Turnbull, D. (1989). Maps are Territories : Science is an Atlas. Chicago: University of Chicago Press. (Reprint edition 1994).
"In these two passages Michael Polanyi and Thomas S. Kuhn equate theories with maps, and they take it for granted that the metaphor is self-explanatory. Indeed, the map metaphor is not only used to describe scientific theories, but is so pervasive that it is also commonly employed to illuminate other basic but ill-defined terms such as `culture', `language' and `the mind' (see ITEM i.l). Since metaphors play a very important role in science and in all our thinking about the world, we should be alert to the depths of constructed and construable meaning contained within them (see Putting nature in order, pp. 54-7). It is particularly important in this instance because there is no clear understanding amongst scientists, philosophers or cartographers as to what either a theory or a map is. " (Turnbull, 1989, p. 1).
"Exhibit 8
MAPS-A WAY OF ORDERING KNOWLEDGE
Karl Popper argues that languages have a descriptive function which is clearly distinguishable from their argumentative function. This, according to Popper,
makes the familiar analogy between maps and scientific theories a particularly unfortunate one. Theories are essentially argumentative systems of statements: their main point is that they explain deductively. Maps are non-argumentative. Of course every theory is also descriptive, like a map.
Karl Popper, Unended quest: an intellectual autobiography, 1976, p. 77)

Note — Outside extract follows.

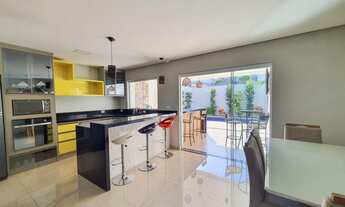 Imagem 6: Sobrado com 3 suítes e piscina a venda no Reserva das Paineiras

Popper may be mistaken about maps, possibly because he is concerned at this point to make a distinction between the descriptive and argumentative functions of language. Though the distinction can be sustained analytically, it cannot be pushed too far because there is a powerful sense in which descriptions are arguments. The strongest sense in which that is true is illustrated by maps. They invariably carry less information about the environment than is out there, since they are necessarily selective, but they also frequently carry more information than was actually recorded. Some maps, like those used for navigation, can have data plotted on them and deductions as to position and distance to destinations made from them. But the example of Wegener's the continental drift (see ITEM 8.1) [omitted] and the cholera map (ITEM 8.2) [omitted], show that neew knowledge can be gained from a map in a profound and significant way. It was Wegener's 'fitting' of the continents that led him to hypothesise the original joining of South Africa and South America. It is interesting that, while Wegener used that `fit' as evidence for his theory, his opponents were able to reverse the argument and criticise his theory on the grounds that map-fitting did not constitute evidence and that the apparent fit was the result of selective distortion. Mapping the outbreaks of cholera also reveales distribution that could not have been simply read from the data. Moreover maps are not always mere re-presentations of data. In ITEM 8.3 [omitted] the magnetic stripes in rocks on the sea floor off the coast of West Canada become in their turn evidence of the phenomena of sea-floor spreading from ocean ridges, the ultimate proof of Wegener's theory. Indeed ordering information spatially provides a very powerful mode of inference to knowledge that is ignored by Popper.
However, there is an even deeper sense in which maps are like theories in that they are 'argumentative systems of statements'. That is the sense in which they embody or express a cognitive schema. As has been discussed in Imagining nature, observation statements are not clearly separable from theoretical statements, and theoretical statements in turn embody sets of assumptions about how reality is ordered. This whole complex of unconscious assumptions about the ordering of reality which structures our experience of it can be thought of as a cognitive schema. In the case of maps, the idea that our ability to understand the world is dependent on modes of ordering of which we are at best only partially aware is of particular interest. As concrete example they provide an opportunity for bringing such cognitive schemas to the fore, and they also provide an opportunity to explore the claim that in the deepest possible way is inherently spatial, and embedded in practical action." (Turnbull, 1989, p. 48).